The `node-local-dns` Pods use memory for storing cache entries and processing queries.
Since they do not watch Kubernetes objects, the cluster size or the number of Services/Endpoints
do not directly affect memory usage. Memory usage is influenced by the DNS query pattern.
From [CoreDNS docs](https://github.com/coredns/deployment/blob/master/kubernetes/Scaling_CoreDNS.md),
> The default cache size is 10000 entries, which uses about 30 MB when completely filled.

This would be the memory usage for each server block (if the cache gets completely filled).
Memory usage can be reduced by specifying smaller cache sizes.

The number of concurrent queries is linked to the memory demand, because each extra
goroutine used for handling a query requires an amount of memory. You can set an upper limit
using the `max_concurrent` option in the forward plugin.
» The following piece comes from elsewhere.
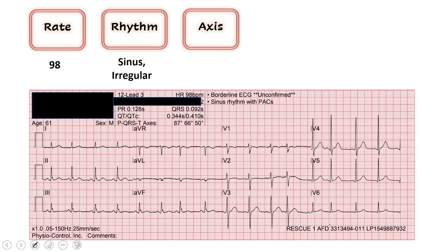Moving on, as we look at our axis, the leads we're most concerned with are leads I and AVF and the direction of the QRS vector in those leads. Lead I is mostly up — that's our left thumb, we're good on the left side. AVF is our right thumb, mostly up here. I have two thumbs up, which gives me normal axis deviation.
If a `node-local-dns` Pod attempts to use more memory than is available (because of total system
resources, or because of a configured
[resource limit](/docs/concepts/configuration/manage-resources-containers/)), the operating system
may shut down that pod's container.
If this happens, the container that is terminated (“OOMKilled”) does not clean up the custom
packet filtering rules that it previously added during startup.
The `node-local-dns` container should get restarted (since managed as part of a DaemonSet), but this
will lead to a brief DNS downtime each time that the container fails: the packet filtering rules direct
DNS queries to a local Pod that is unhealthy.

You can determine a suitable memory limit by running node-local-dns pods without a limit and
measuring the peak usage. You can also set up and use a
[VerticalPodAutoscaler](https://github.com/kubernetes/autoscaler/tree/master/vertical-pod-autoscaler)
in _recommender mode_, and then check its recommendations.